WHAT TO DO
Return the lines below exactly as they appear, please, starting with the first and ending with the one that contains "Used 2024 Alfa".

----- DATA SUPPLIED

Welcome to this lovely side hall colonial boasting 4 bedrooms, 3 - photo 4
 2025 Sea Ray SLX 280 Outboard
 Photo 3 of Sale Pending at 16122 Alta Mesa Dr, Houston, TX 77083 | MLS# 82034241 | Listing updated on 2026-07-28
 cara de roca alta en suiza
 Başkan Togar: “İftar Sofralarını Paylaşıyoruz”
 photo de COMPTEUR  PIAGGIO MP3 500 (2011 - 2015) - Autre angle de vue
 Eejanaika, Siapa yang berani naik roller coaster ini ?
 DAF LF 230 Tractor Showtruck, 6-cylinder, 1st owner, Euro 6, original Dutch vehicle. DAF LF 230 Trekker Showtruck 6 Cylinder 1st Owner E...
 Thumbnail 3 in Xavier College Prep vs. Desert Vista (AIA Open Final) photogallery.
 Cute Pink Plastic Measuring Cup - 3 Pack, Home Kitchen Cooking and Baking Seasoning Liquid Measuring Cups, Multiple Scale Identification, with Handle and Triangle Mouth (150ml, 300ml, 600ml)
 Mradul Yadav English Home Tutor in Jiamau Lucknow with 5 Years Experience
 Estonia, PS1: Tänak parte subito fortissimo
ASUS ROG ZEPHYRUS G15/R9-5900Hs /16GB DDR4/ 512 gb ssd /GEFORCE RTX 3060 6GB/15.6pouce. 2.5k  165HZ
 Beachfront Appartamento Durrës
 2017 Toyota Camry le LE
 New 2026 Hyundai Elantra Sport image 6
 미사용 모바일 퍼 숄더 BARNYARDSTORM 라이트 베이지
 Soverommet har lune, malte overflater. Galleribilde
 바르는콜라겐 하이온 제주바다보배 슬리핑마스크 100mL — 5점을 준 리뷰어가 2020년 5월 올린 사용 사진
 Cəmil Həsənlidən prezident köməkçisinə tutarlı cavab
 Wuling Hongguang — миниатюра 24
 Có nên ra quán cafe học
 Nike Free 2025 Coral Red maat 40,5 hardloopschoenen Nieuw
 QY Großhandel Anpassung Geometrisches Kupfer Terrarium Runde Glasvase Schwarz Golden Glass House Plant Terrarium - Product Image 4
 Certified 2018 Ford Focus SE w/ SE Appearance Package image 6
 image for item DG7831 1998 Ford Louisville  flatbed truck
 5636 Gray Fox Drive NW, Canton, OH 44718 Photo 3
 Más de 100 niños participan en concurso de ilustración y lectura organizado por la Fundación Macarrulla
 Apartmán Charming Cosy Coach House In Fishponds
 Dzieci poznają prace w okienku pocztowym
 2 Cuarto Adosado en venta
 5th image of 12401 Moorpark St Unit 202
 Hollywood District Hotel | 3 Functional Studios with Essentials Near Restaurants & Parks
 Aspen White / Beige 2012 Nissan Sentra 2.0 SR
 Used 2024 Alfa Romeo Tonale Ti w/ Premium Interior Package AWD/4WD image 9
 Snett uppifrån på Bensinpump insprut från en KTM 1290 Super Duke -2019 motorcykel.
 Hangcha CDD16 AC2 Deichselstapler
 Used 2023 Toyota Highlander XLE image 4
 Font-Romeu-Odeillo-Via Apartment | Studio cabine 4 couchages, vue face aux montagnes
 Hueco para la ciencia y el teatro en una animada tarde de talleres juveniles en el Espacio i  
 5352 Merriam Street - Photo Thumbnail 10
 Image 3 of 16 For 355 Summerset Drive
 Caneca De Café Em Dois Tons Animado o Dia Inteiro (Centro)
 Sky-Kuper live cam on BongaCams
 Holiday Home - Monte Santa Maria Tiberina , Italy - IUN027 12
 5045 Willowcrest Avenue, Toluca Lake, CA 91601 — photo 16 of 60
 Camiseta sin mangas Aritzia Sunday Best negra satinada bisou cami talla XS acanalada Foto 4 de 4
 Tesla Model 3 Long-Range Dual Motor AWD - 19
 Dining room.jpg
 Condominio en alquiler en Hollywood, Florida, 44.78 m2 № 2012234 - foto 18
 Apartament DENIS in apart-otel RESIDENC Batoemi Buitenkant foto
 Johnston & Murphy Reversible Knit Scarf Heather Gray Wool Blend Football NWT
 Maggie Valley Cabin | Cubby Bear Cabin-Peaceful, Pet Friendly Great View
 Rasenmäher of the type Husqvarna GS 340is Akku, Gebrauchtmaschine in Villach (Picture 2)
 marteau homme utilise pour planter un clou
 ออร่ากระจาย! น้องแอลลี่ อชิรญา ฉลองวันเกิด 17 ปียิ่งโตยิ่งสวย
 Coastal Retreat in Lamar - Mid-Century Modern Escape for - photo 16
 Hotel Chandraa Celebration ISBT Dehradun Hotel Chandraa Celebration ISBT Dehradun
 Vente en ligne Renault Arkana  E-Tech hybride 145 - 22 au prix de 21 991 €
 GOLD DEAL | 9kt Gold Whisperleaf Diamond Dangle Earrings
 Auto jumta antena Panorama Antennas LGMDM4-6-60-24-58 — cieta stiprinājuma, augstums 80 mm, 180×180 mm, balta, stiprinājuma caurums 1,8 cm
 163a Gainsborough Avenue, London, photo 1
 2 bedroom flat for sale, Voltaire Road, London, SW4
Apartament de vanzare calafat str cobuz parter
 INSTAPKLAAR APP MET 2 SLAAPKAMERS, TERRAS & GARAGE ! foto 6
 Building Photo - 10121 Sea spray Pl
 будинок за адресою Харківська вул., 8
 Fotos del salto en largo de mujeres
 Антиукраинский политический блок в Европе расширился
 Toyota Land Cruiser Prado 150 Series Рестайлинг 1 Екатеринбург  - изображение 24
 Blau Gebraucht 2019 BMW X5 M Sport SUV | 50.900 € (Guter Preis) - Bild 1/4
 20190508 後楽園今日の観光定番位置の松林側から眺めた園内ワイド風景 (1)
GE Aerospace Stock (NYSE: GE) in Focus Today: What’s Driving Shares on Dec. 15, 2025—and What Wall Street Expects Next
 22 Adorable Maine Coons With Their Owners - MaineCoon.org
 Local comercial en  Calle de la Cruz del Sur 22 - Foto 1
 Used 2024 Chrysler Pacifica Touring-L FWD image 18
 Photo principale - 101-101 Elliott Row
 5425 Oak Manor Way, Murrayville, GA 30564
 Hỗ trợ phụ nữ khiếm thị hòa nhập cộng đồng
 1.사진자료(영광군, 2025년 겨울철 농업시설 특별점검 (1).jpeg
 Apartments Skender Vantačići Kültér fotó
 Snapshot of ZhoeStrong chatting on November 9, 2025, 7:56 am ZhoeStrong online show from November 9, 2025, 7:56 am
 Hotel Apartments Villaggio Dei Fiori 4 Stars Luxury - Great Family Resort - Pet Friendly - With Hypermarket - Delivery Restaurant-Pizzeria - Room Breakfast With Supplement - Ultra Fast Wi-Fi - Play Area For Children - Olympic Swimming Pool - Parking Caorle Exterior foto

----------

RESPONSE BELOW
Welcome to this lovely side hall colonial boasting 4 bedrooms, 3 - photo 4
 2025 Sea Ray SLX 280 Outboard
 Photo 3 of Sale Pending at 16122 Alta Mesa Dr, Houston, TX 77083 | MLS# 82034241 | Listing updated on 2026-07-28
 cara de roca alta en suiza
 Başkan Togar: “İftar Sofralarını Paylaşıyoruz”
 photo de COMPTEUR  PIAGGIO MP3 500 (2011 - 2015) - Autre angle de vue
 Eejanaika, Siapa yang berani naik roller coaster ini ?
 DAF LF 230 Tractor Showtruck, 6-cylinder, 1st owner, Euro 6, original Dutch vehicle. DAF LF 230 Trekker Showtruck 6 Cylinder 1st Owner E...
 Thumbnail 3 in Xavier College Prep vs. Desert Vista (AIA Open Final) photogallery.
 Cute Pink Plastic Measuring Cup - 3 Pack, Home Kitchen Cooking and Baking Seasoning Liquid Measuring Cups, Multiple Scale Identification, with Handle and Triangle Mouth (150ml, 300ml, 600ml)
 Mradul Yadav English Home Tutor in Jiamau Lucknow with 5 Years Experience
 Estonia, PS1: Tänak parte subito fortissimo
ASUS ROG ZEPHYRUS G15/R9-5900Hs /16GB DDR4/ 512 gb ssd /GEFORCE RTX 3060 6GB/15.6pouce. 2.5k  165HZ
 Beachfront Appartamento Durrës
 2017 Toyota Camry le LE
 New 2026 Hyundai Elantra Sport image 6
 미사용 모바일 퍼 숄더 BARNYARDSTORM 라이트 베이지
 Soverommet har lune, malte overflater. Galleribilde
 바르는콜라겐 하이온 제주바다보배 슬리핑마스크 100mL — 5점을 준 리뷰어가 2020년 5월 올린 사용 사진
 Cəmil Həsənlidən prezident köməkçisinə tutarlı cavab
 Wuling Hongguang — миниатюра 24
 Có nên ra quán cafe học
 Nike Free 2025 Coral Red maat 40,5 hardloopschoenen Nieuw
 QY Großhandel Anpassung Geometrisches Kupfer Terrarium Runde Glasvase Schwarz Golden Glass House Plant Terrarium - Product Image 4
 Certified 2018 Ford Focus SE w/ SE Appearance Package image 6
 image for item DG7831 1998 Ford Louisville  flatbed truck
 5636 Gray Fox Drive NW, Canton, OH 44718 Photo 3
 Más de 100 niños participan en concurso de ilustración y lectura organizado por la Fundación Macarrulla
 Apartmán Charming Cosy Coach House In Fishponds
 Dzieci poznają prace w okienku pocztowym
 2 Cuarto Adosado en venta
 5th image of 12401 Moorpark St Unit 202
 Hollywood District Hotel | 3 Functional Studios with Essentials Near Restaurants & Parks
 Aspen White / Beige 2012 Nissan Sentra 2.0 SR
 Used 2024 Alfa Romeo Tonale Ti w/ Premium Interior Package AWD/4WD image 9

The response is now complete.